*WHAT NEEDS TO BE DONE:*
Transcribe the data that follows in full. Leave out the pictures.

*DATA SHOWN:*
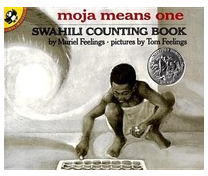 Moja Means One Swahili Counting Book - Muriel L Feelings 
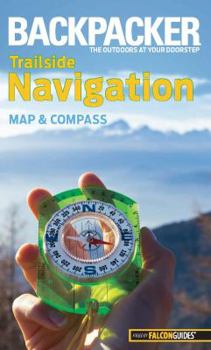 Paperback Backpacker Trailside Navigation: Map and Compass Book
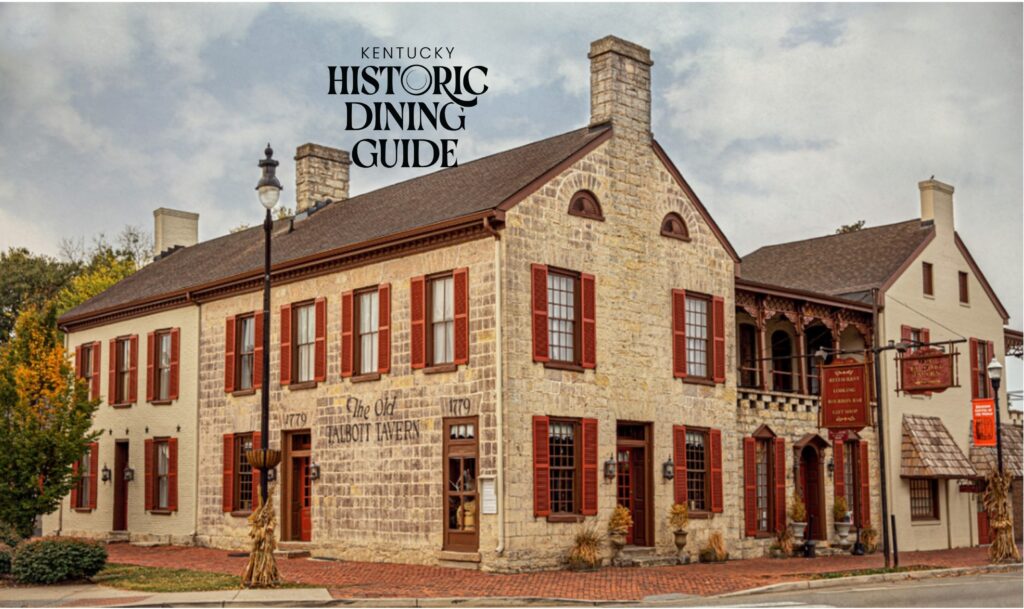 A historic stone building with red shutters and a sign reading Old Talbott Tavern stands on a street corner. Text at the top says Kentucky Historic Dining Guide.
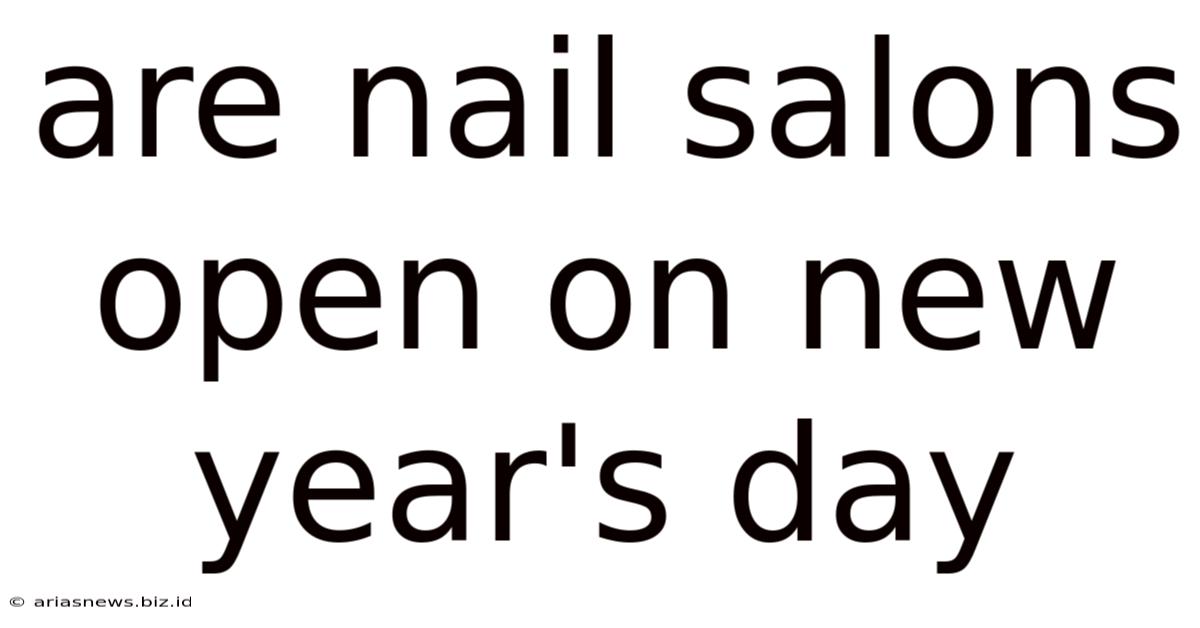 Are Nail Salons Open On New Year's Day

*EXERCISE SOLUTION:*
 Moja Means One Swahili Counting Book - Muriel L Feelings 
 Paperback Backpacker Trailside Navigation: Map and Compass Book
 A historic stone building with red shutters and a sign reading Old Talbott Tavern stands on a street corner. Text at the top says Kentucky Historic Dining Guide.
 Are Nail Salons Open On New Year's Day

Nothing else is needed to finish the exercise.